*** Opening of Extracted entries ***

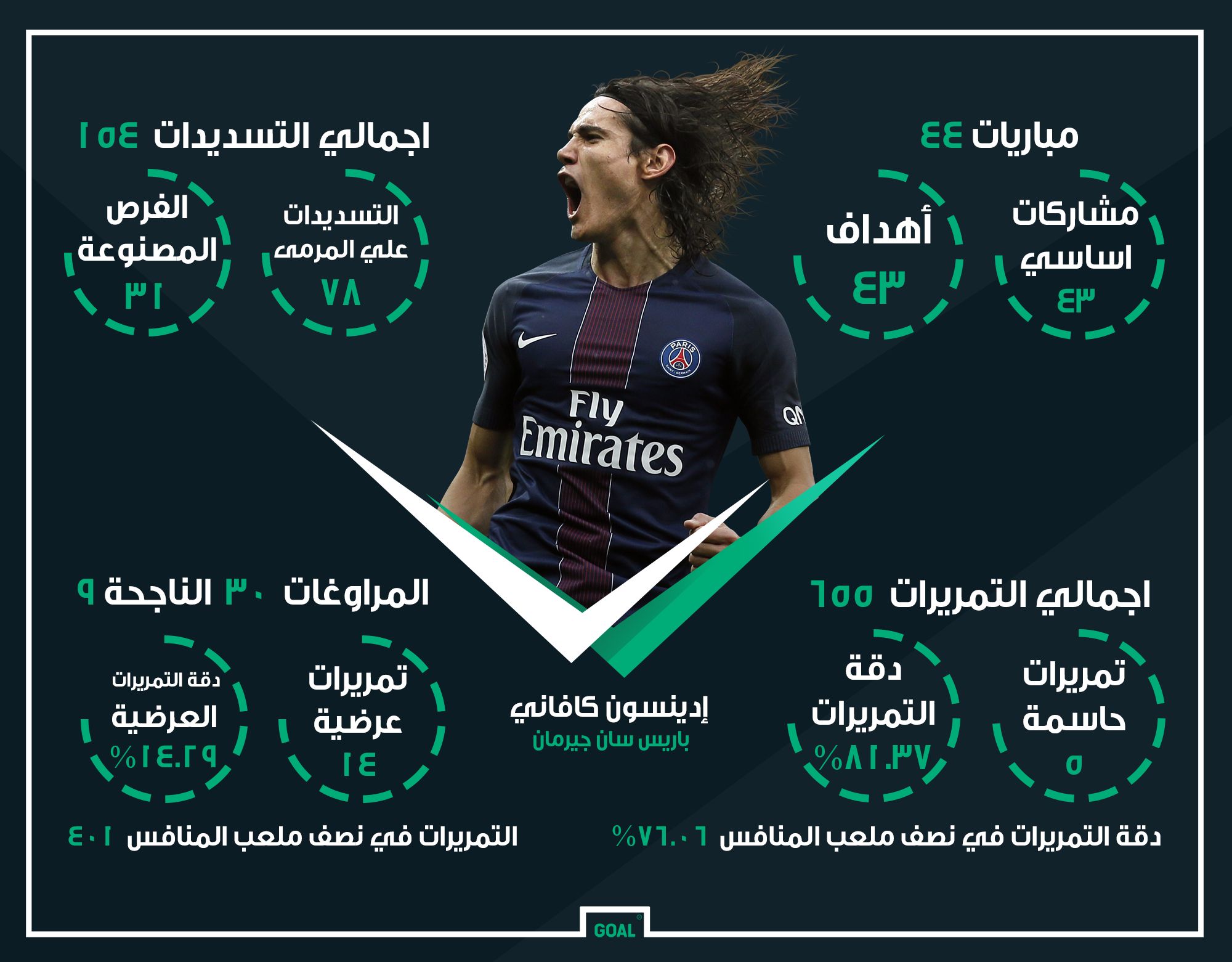Arabic Cavani PSG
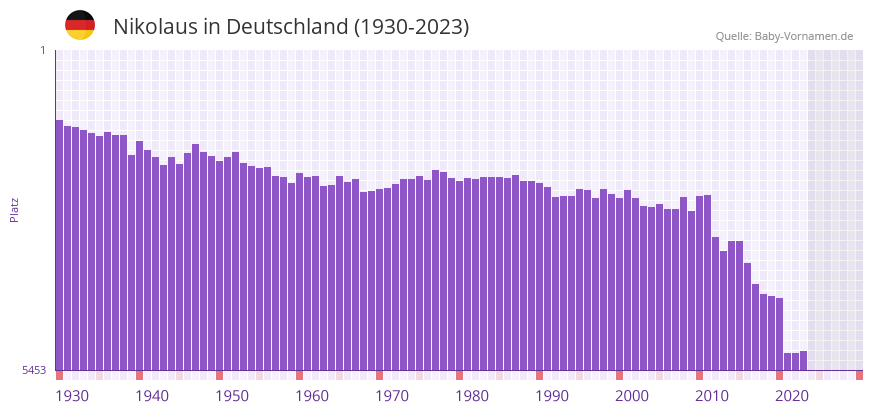 Nikolaus in der Vornamen-Hitliste von Deutschland (1930-2023)
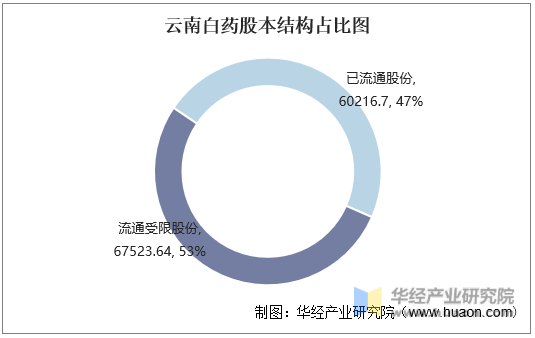 云南白药股本结构占比图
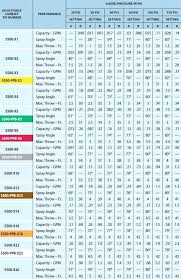 Scotts Spreader Settings Conversion Chart Best Picture Of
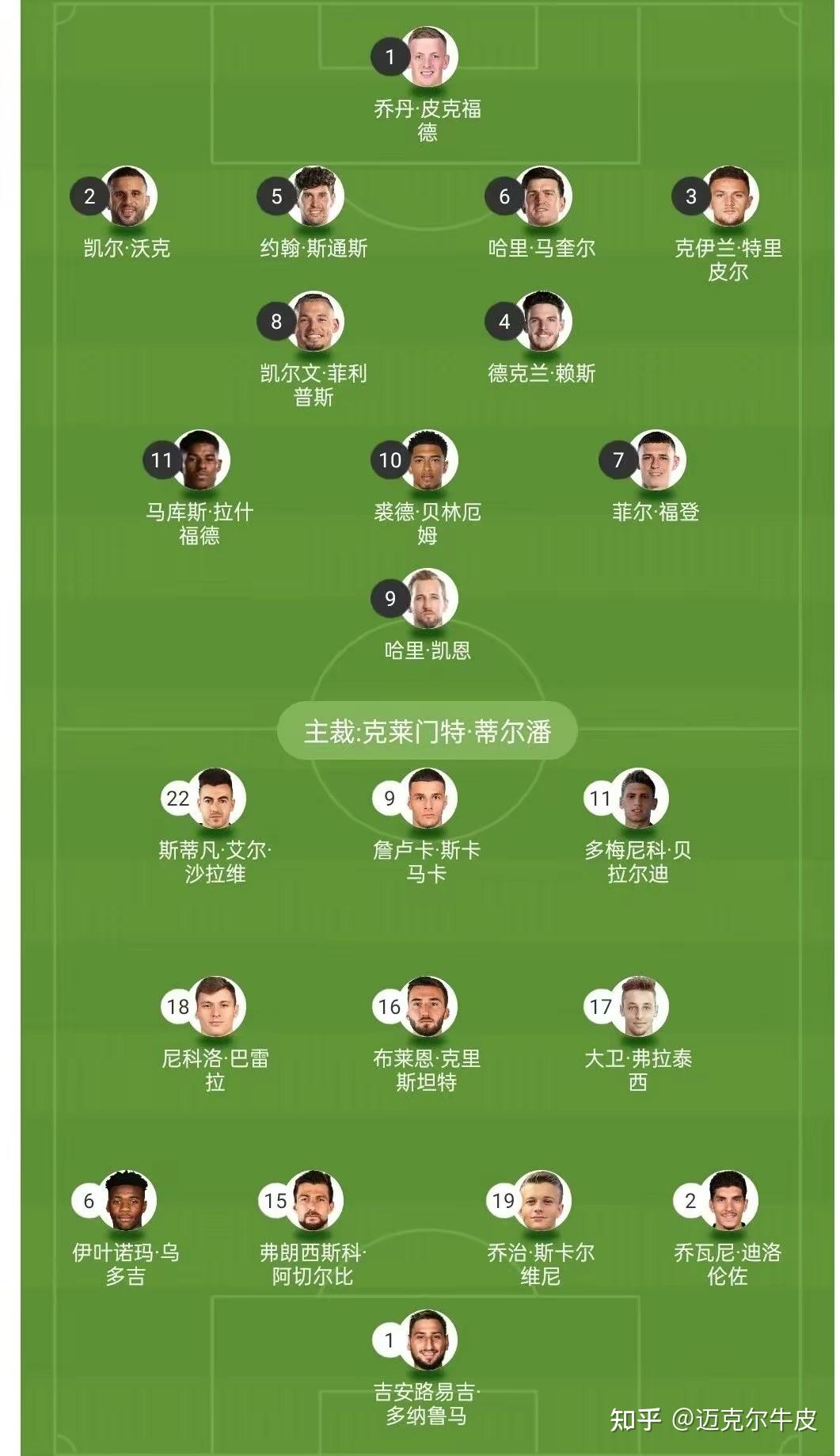 关于火爆持续！欧预赛的赛场不缺看点的信息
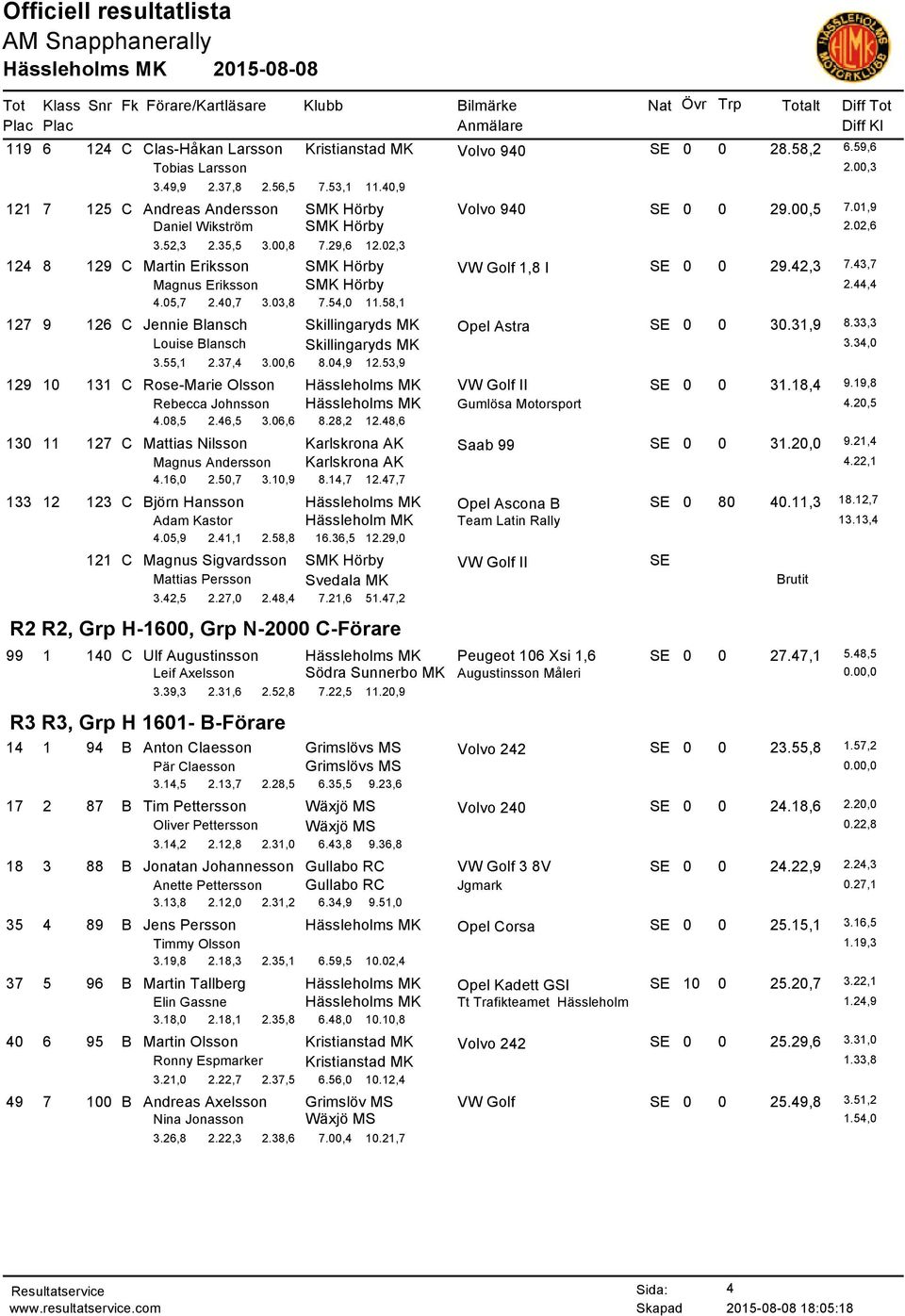 40,7 3.03,8 7.54,0 11.58,1 127 9 126 C Jennie Blansch Skillingaryds MK Opel Astra SE 0 0 30.31,9 8.33,3 Louise Blansch Skillingaryds MK 3.34,0 3.55,1 2.37,4 3.00,6 8.04,9 12.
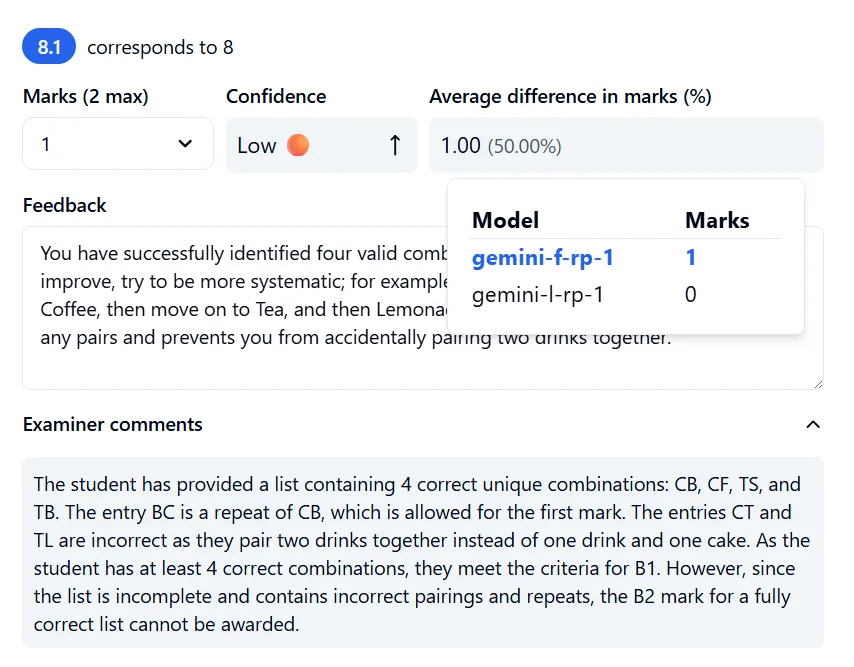External assessment submission page, indicating a low confidence question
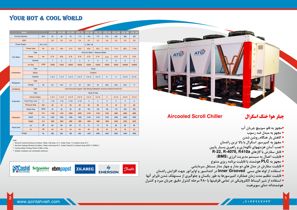 عکس شماره 40843 چیلر-تراکمی-هواخنک-اسکرو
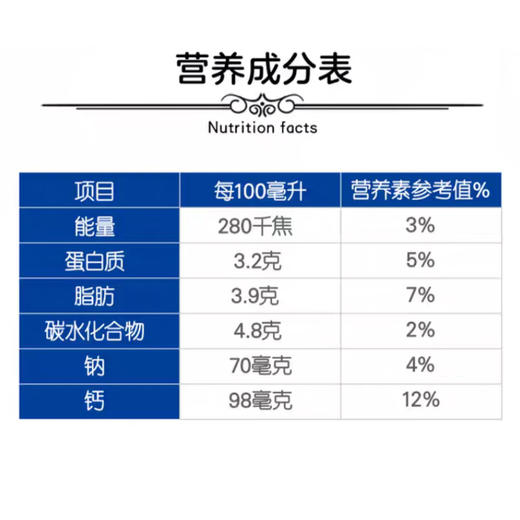 君乐宝优佳牧场纯牛奶250ml*12盒 商品图4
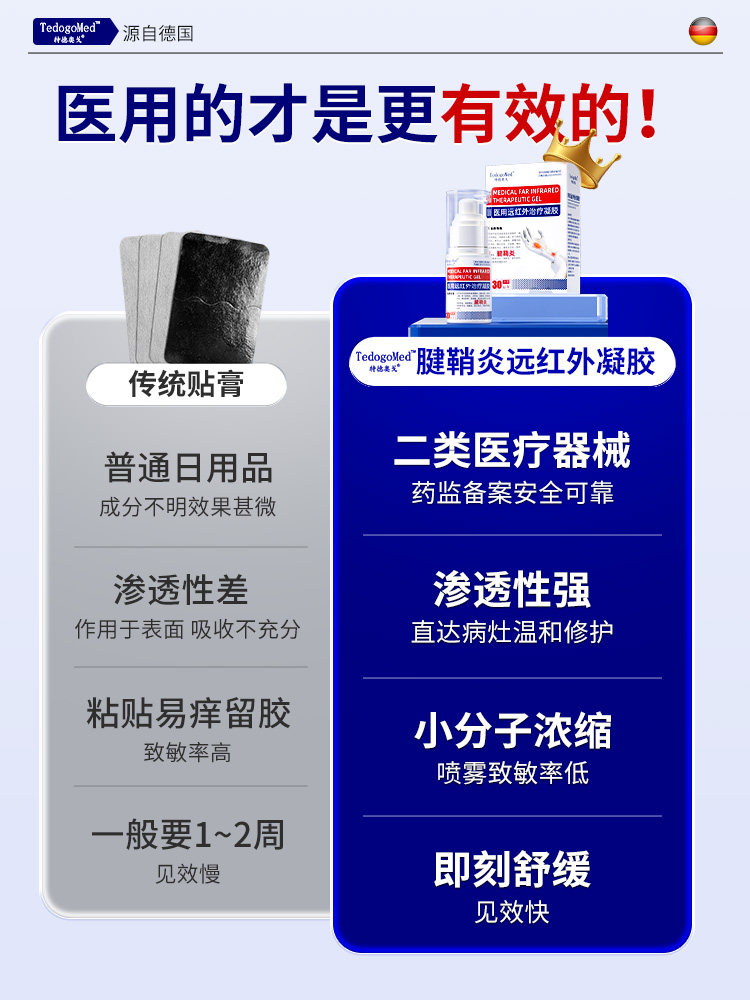 TedogoMed 特德奥戈 医用远红外治疗凝胶 30g 多重优惠折后￥16.24包邮 淘金币可抵扣1.16元 88VIP会员还可95折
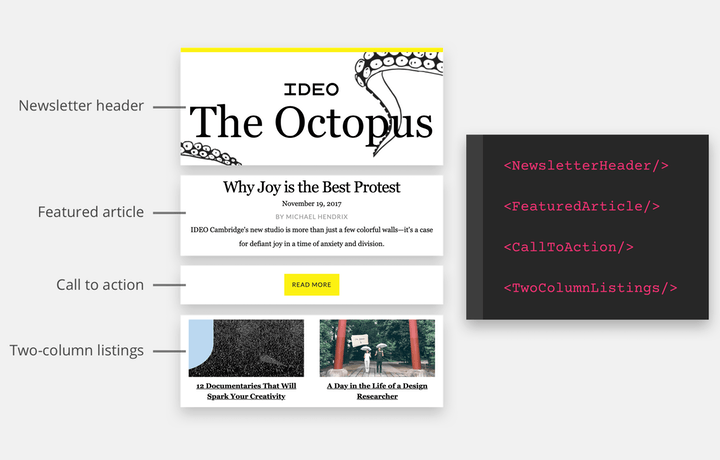 An illustration of example design system components broken down.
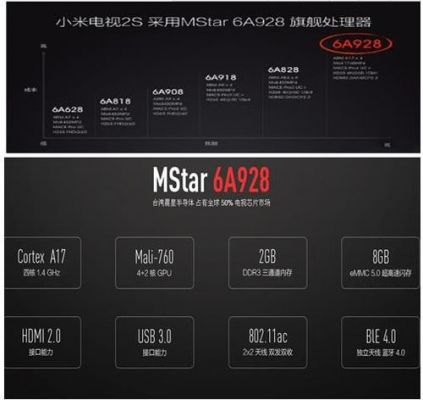 关于跑分最高的智能电视的信息-图3 关于跑分最高的智能电视的信息-图3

*** Close of Extracted entries ***

Work instruction:
The answer must be the full listing above, copied exactly, with no pictures in it.

Finished task:
Arabic Cavani PSG
 Nikolaus in der Vornamen-Hitliste von Deutschland (1930-2023)
 云南白药股本结构占比图
 Scotts Spreader Settings Conversion Chart Best Picture Of
 关于火爆持续！欧预赛的赛场不缺看点的信息
 40,7 3.03,8 7.54,0 11.58,1 127 9 126 C Jennie Blansch Skillingaryds MK Opel Astra SE 0 0 30.31,9 8.33,3 Louise Blansch Skillingaryds MK 3.34,0 3.55,1 2.37,4 3.00,6 8.04,9 12.
External assessment submission page, indicating a low confidence question
 عکس شماره 40843 چیلر-تراکمی-هواخنک-اسکرو
 君乐宝优佳牧场纯牛奶250ml*12盒 商品图4
 TedogoMed 特德奥戈 医用远红外治疗凝胶 30g 多重优惠折后￥16.24包邮 淘金币可抵扣1.16元 88VIP会员还可95折
 An illustration of example design system components broken down.
 关于跑分最高的智能电视的信息-图3 关于跑分最高的智能电视的信息-图3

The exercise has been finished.